In April, the Elections Board determined Rotruck wasn’t a resident of Summerfield for the purpose of voting and town officials used that decision to remove him from the Town Council.

Rotruck appealed that decision and, on Monday, August 6, Craig heard that appeal. On Monday, August 13, Craig sent an email to the attorneys for both sides that stated, “The record does not contain any affirmative proof that Mr. Rotruck was not domiciled in Summerfield” at the time in question.

Craig was working this week with the attorneys to create an official signed court order.

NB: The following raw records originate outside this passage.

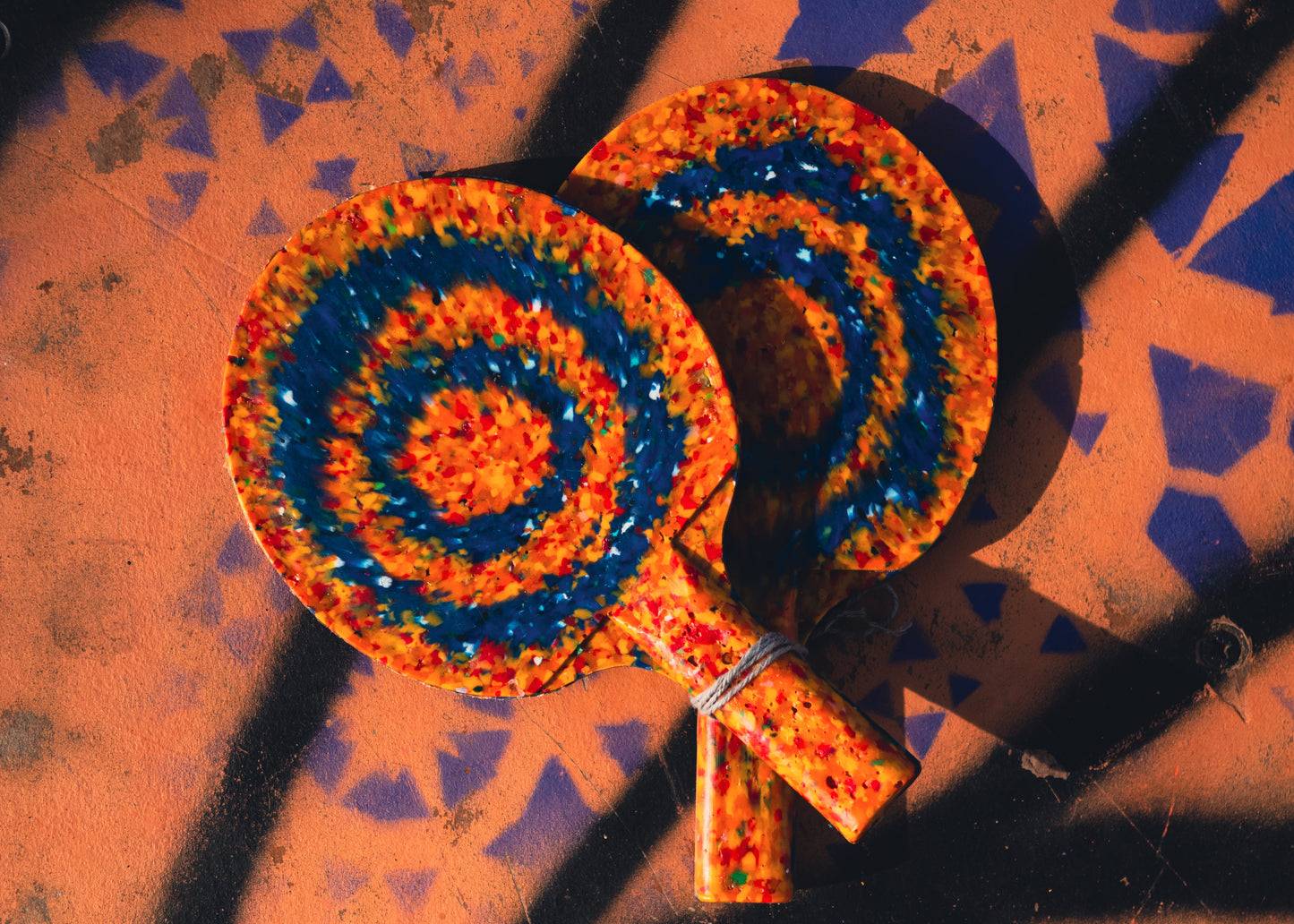 Raquetes de Ping-Pong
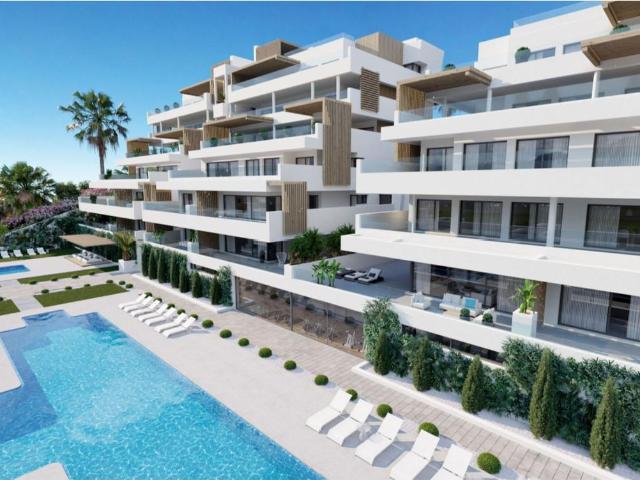 Apartamento en venta en Estepona Málaga
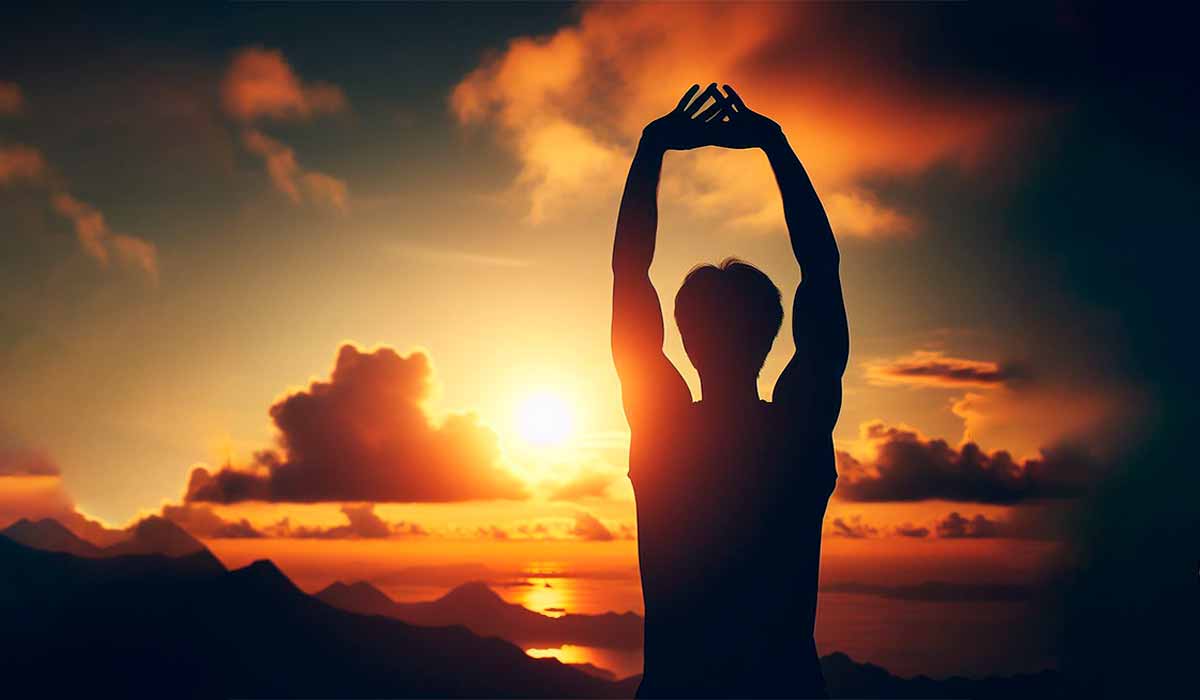 7 alongamentos para braço após exercícios na academia.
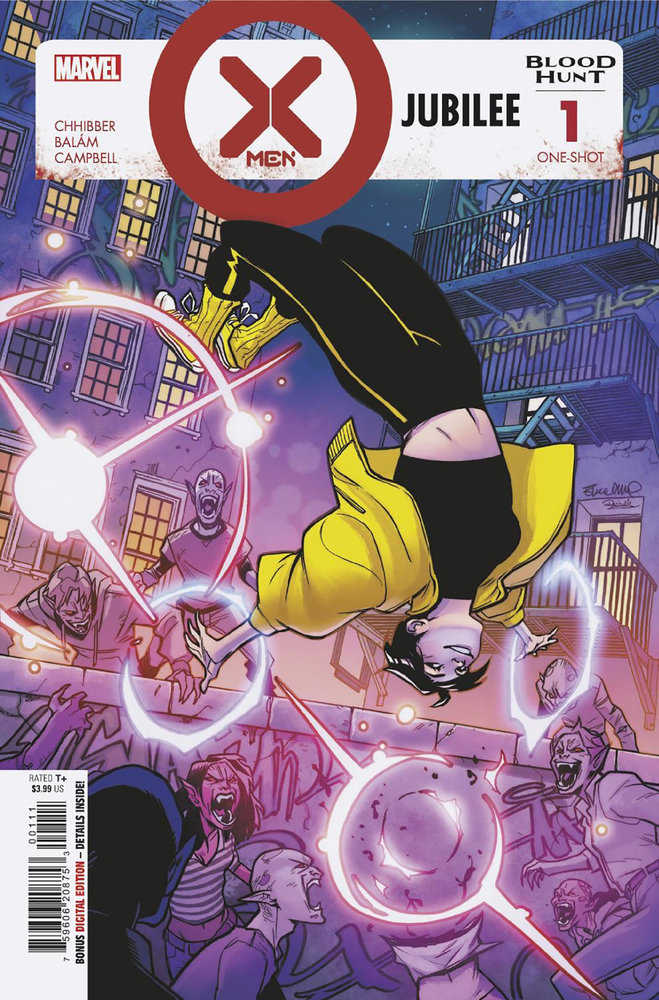 X-Men: Blood Hunt - Jubilee #1 [Bh] | Odin's Place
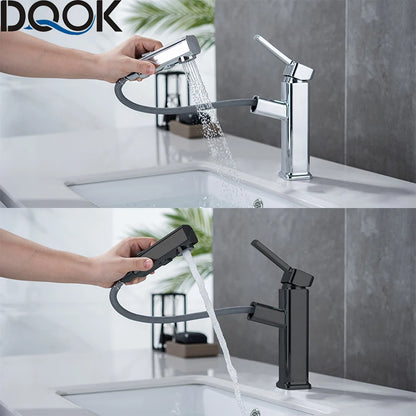 bathroom basin faucets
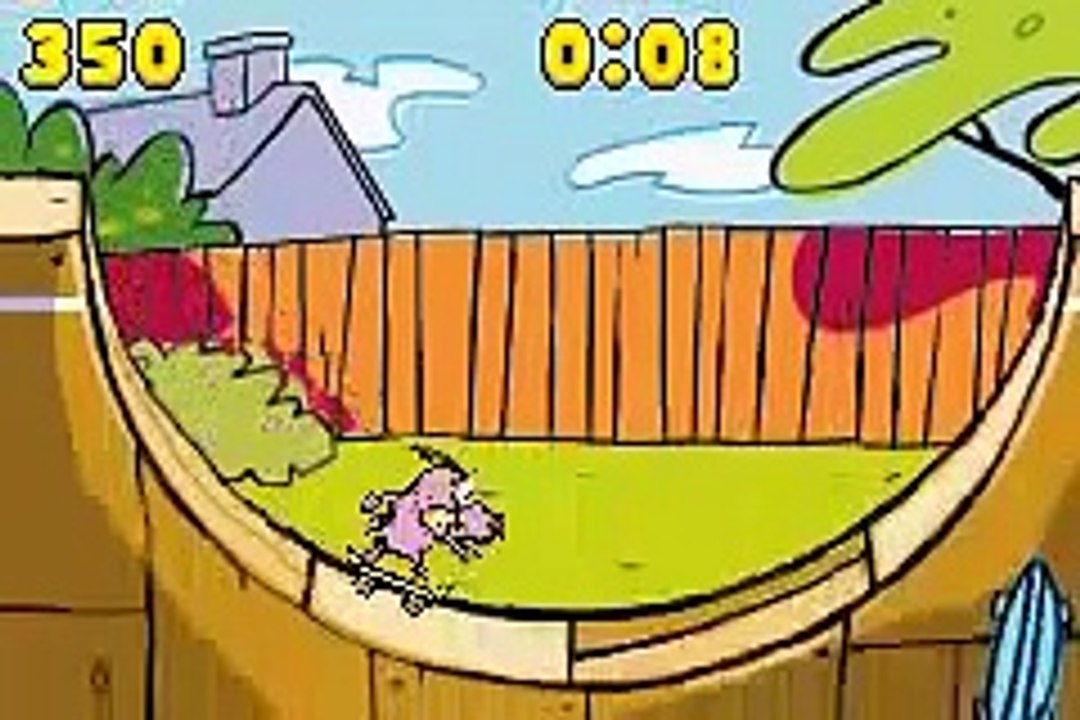 Cartoon Network Block Party Game Boy Advance with commentary | cartoon network games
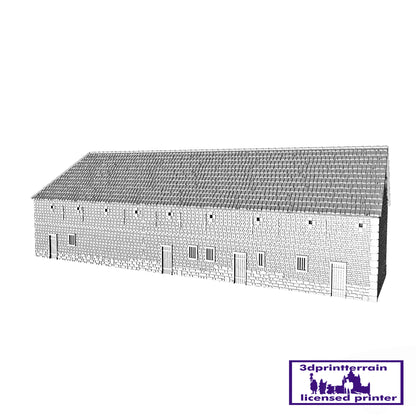 Gemioncourt Farm Barn 2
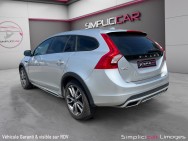 VOLVO d'occasion V60 I CROSS COUNTRY D3 150 SUMMUM GEARTRONIC de 2017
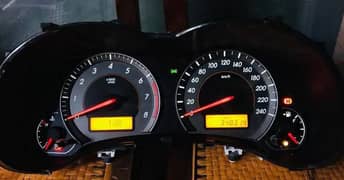 Corolla altis meter japani all body parts 2002 to 2014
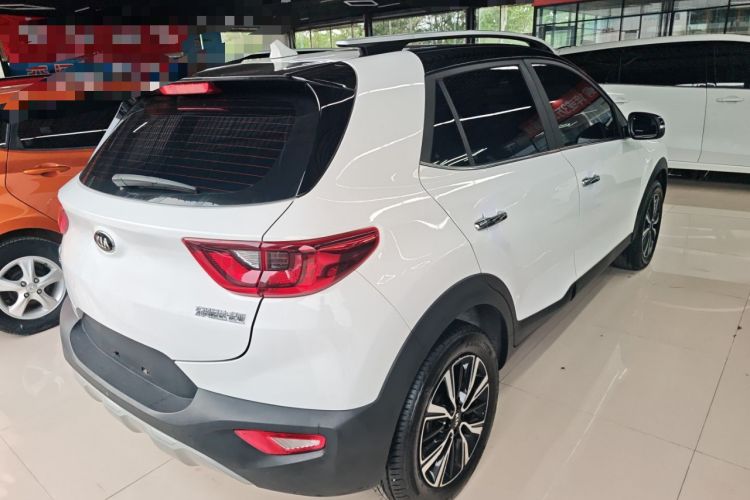Used Kia kx1 Stonic 2019 1.4L Automatic Fun Edition China V Standard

In February, Summerfield resident Janelle Robinson filed the voter residency challenge claiming that Rotruck didn’t live in Summerfield, where he served as an elected official. At the end of that long hearing in April, all four Board of Elections members voted that Rotruck lived in Greensboro, where his family resides – rather than in Summerfield, where the house he and his wife own is undergoing major renovation.

After the Board of Elections voted to uphold Robinson’s claim, Rotruck and his attorney Marsh Prause, with the Winston-Salem firm of Allman Spry Davis Leggett & Crumpler, argued that the Board of Elections procedure and decision had been flawed.

Rotruck, who was clearly delighted by this week’s ruling, said he did not wish to make a comment at this time.

Craig’s email states, “I want to remand, with the requirement that the Board examine whether Mr. Rotruck was domiciled in Summerfield over a specific period of time, between 28 March 2018 and 8 May 2018.” It adds, “Pertinent documents to examine should be Mr. Rotruck’s driver’s license, his federal tax returns (if any were filed during that time), and electric bills for the months of March, April, and May 2018 at the Summerfield and Greensboro addresses.”

When candidates face a residency challenge against their right to run for office, the burden of proof of residency is on the candidate. However, in the Rotruck’s case, the accuser has the burden of proof since it’s his voter eligibility – and only by fiat his eligibility for service – that is being challenged.

North Carolina law states that a no voter challenge shall be sustained “unless the challenge is substantiated by affirmative proof.”

Don Wendelken, a former Guilford County Board of Elections member who now runs the Summerfield Scoop Facebook page, said the Rotruck case has been a focal point of attention of the town for months.

“It just goes on and on and on,” he said.